CPAP - continuous positive airway pressure
Treatment for type 2 respiratory failure?
BIPAP - bi positive airway pressure
Types of COPD?
Chronic Bronchitis Emphysema A1AT deficiency
Risk factors for COPD?
Cigarettes Air pollution Genetics (A1AT deficiency = auto recessive) Older males
Pathophysiology of chronic bronchitis?
- Hypertrophy + hyperplasia of mucous glands (mucous is protective against damage) - Chronic inflammation cells infiltrate bronchi and bronchioles - This causes: - mucus hypersecretion - ciliary dysfunction - narrowed lumen (thus increased infection risk + airway trapping)
Typical presentation of chronic bronchitis?
Chronic purulent cough, dysponea for 3+months, over 2 years with sputum “blue bloater” (blue tint of skin and lips due to cyanosis and typically overweight- not a respectful term to use nowadays)
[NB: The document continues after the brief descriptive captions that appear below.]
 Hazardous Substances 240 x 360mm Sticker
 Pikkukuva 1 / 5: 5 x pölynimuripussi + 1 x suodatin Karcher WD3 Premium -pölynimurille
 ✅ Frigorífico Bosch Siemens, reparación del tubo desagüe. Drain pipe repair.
Pathophysiology of Emphysema?
Destruction of elastin layer in alveolar ducts/alveolar sacs/respiratory bronchioles - elastin keeps walls open during expiration (bernouli principle) - decreased elastin = air trapping distal to blockage
Types of Emphysema?
Centriacinar Emphysema Panacinar Emphysema Distal Acinar Irregular Emphysema
Most common type of Emphysema?
Centracinar emphysema very common in smokers
Most severe type of emphysema?
Panacinar emphysema caused by A1AT deficiency
What area of the lungs does centriacinar emphysema effect?
Respiratory bronchioles only
What area of the lungs does Panacinar emphysema effect?
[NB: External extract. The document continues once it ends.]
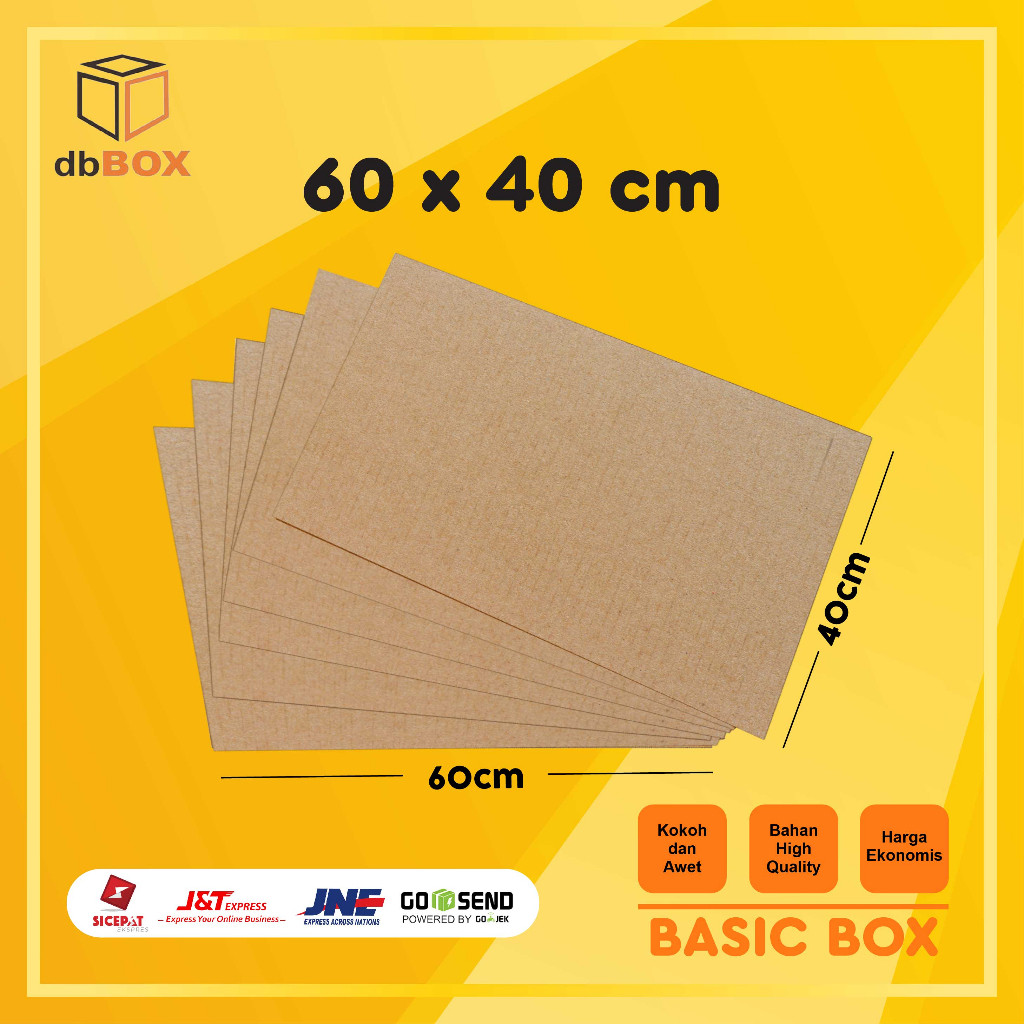 

Kardus Karton Lembaran 60 X 40 Single Wall Corrugated Sheet Polos Baru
respiratory bronchioles - alveolar ducts - alveolar sacs - alveoli
Pathophysiology of A1AT deficiency?
A1 antitrypsin degrades NE (neutrophil elastase) which protects excess damage to elastin layer especially in lungs - Deficiency (decreased liver production) = ↑NE = panacinar emphysema and liver issues
What is A1AT deficiency caused by?
Autosomal codominant inheritance
Typical patient presentation to suspect A1At deficiency in?
Younger/middle aged men with COPD symptoms but no smoking history
Symptoms of COPD?
Typically: - older patient - chronic cough - with (often) purulent (infectious) sputum - extensive smoking history (exception A1AT) - constant dyspnoea (not episodic)
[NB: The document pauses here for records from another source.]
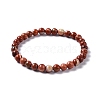 Natural Red Jasper Bead Stretch Bracelets X-BJEW-K212-A-012-1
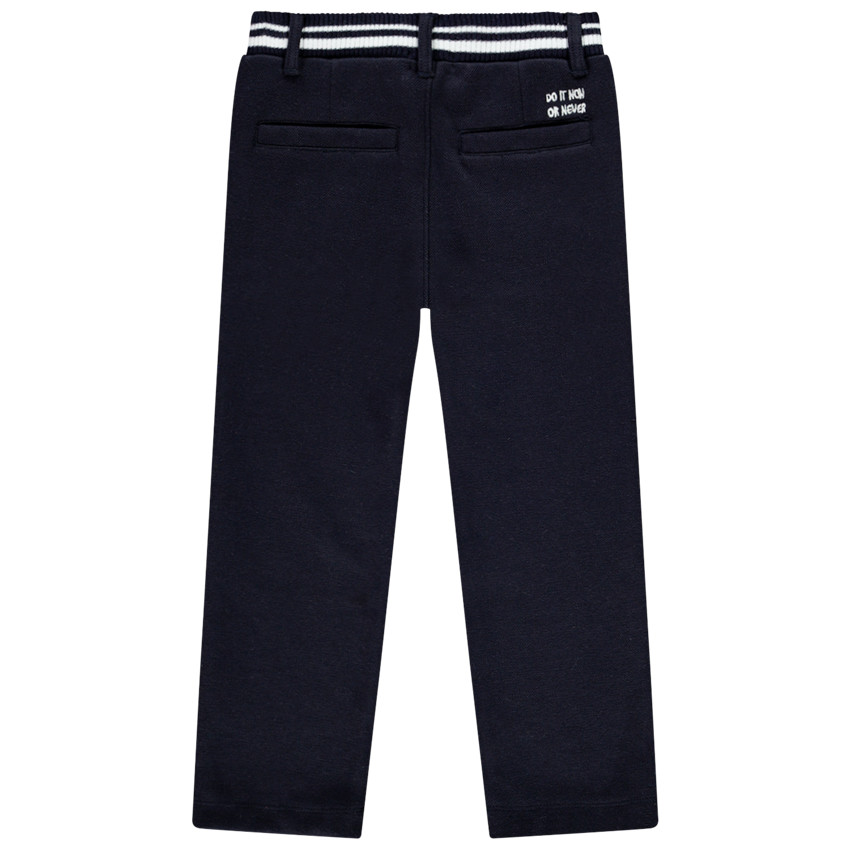 Pantalon droit en maille à taille rayée pour enfant garçon 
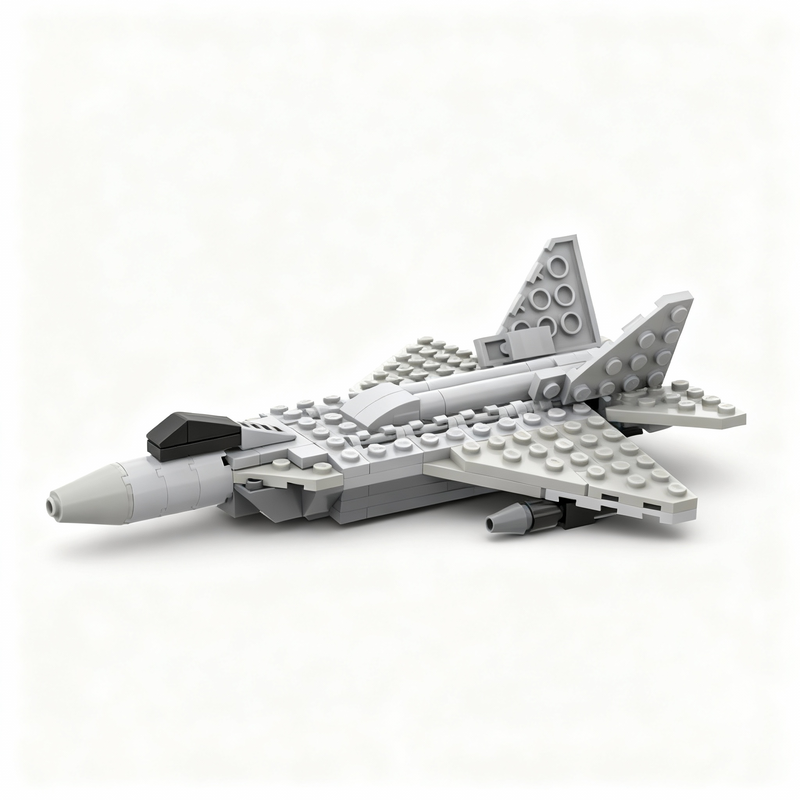 139pcs MOC City Airport F-22 M - Art Craft Building ulasan dan harga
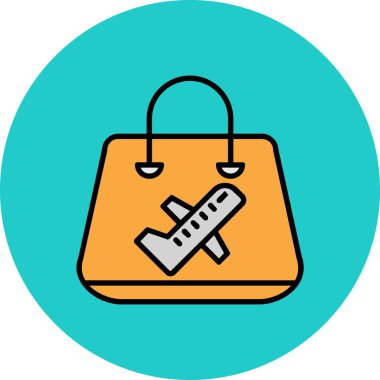 Vektör alışveriş çantası Ico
Presentation of a pink puffer?
Minimal cough - Pursed lip breathing - Cachectic (muscle wastage) - Barrel Chest - Hyperesonant percussion
Complication of pink puffer patients?
Bullae rupture - if subpleural = pneumothorax
Do patients present with only blue bloater or pink puffer?
These aren’t separate conditions and most patients present with a mix of both
Dyspnoea grading scale MRC 1-5?
1- strenuous exercise 5- can’t do daily activities without SOB eg. change clothes
Main investigation to diagnose COPD?
Pulmonary function test: - Increasing fractional expired number indicates lung damage - FEV1:FVC <0.7 = obstruction on PFT spirometry
What are the 2 conclusions from the diagnostic test and the values associated with them?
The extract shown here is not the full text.